Ophthalmoscopic examination, performed on Phase I mice as a standard toxicology observation, showed no treatment-related findings at examinations performed at 5 weeks and at the end of the study. Lens opacity was observed in some animals in groups A and B at the end of the observation period, possibly related to irradiation.
No statistically significant differences in absolute or relative to body weight weights were observed between groups (one-way ANOVA test; Supplementary Table S2). In some early decedents of groups A, B, D, and E, an enlarged thymus, and sometimes also spleen, were observed macroscopically. These enlargements correlated with the lymphomas observed microscopically, also present in additional tissues (aorta, heart, kidneys, liver, lungs, lymph nodes, ovaries, sternum BM, and thymus). In Phase I of the study, seven tumors were observed only in irradiated mice (groups A and B); four of these lesions were lymphohematopoietic in nature, of which one vector-negative lymphoma (VCN = 0) was observed in group A and three lymphomas were observed in group B. Cytofluorimetric analysis of the blood, thymus, spleen, and liver confirmed an expansion of CD3+ cells in the BM and PB of these animals bearing lymphomatous lesions. In addition, one adenoma was observed in the lung of a mock-treated animal, and one hemangioma was observed in the ovary of one gene-therapy animal. In Phase II of this study, seven tumors were found, distributed in all three groups, all receiving irradiation conditioning. Six tumors, found in groups D and E, were lymphohematopoietic (Supplementary Table S2). Pathological findings in other tissues included bilateral lens degeneration in the eyes and an increased incidence and severity of testicular and ovarian atrophy. Overall, these changes were considered to be related to irradiation conditioning and genetic background.

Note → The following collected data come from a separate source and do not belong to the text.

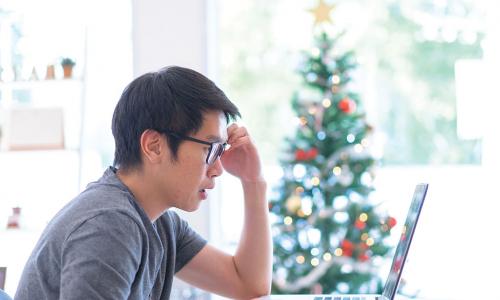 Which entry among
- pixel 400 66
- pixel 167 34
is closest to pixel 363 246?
pixel 167 34

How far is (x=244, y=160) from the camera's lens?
7.22 ft

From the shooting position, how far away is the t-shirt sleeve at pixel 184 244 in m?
2.07

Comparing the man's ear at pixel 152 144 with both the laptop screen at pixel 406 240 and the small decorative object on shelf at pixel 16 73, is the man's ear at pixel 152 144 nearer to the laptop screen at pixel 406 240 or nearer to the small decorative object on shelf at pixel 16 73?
the laptop screen at pixel 406 240

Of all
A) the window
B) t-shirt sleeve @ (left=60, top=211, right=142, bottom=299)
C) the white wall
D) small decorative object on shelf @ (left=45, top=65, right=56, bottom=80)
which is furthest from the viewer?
the window

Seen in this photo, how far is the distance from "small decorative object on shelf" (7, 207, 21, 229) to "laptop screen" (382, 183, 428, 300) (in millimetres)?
3064

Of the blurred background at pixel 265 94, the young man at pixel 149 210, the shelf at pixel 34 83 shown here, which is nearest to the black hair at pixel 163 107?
the young man at pixel 149 210

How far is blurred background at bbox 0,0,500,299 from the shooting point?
4.55 metres

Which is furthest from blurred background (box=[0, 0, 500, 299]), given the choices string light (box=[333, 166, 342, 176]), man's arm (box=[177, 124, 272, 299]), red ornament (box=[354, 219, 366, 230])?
man's arm (box=[177, 124, 272, 299])

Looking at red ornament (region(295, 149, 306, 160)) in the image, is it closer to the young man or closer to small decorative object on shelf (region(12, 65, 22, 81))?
small decorative object on shelf (region(12, 65, 22, 81))

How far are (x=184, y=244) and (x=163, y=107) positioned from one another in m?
0.50

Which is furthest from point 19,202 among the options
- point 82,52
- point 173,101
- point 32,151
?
point 173,101

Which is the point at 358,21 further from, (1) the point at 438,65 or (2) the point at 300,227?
(2) the point at 300,227

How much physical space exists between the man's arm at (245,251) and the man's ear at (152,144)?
1.39 feet

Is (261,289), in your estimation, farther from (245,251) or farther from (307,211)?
(307,211)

Unmanipulated group C MPS I animals presented multifocal accumulation of vacuolated macrophages in all examined tissues (the aorta, heart, brain, spinal cord, cecum, colon, duodenum, ileum, jejunum, stomach, gall bladder, liver, lung, lymph node, spleen, sternum BM, thymus, kidney, testes, epididymides, ovaries, and eyes). Notably, the width and length of the femur demonstrated normalization of skeletal defects in group A mice compared with mock-transplanted and untreated Phase I animals (Fig. 2E–F). Moreover, the transplantation of gene-corrected HSPCs/BM resulted in treatment-related effects in both primary and secondary recipients, with full recovery or reduction of histologic changes that characterize the disease in this animal model (Fig. 2G and H for primary recipients; data not shown for secondary).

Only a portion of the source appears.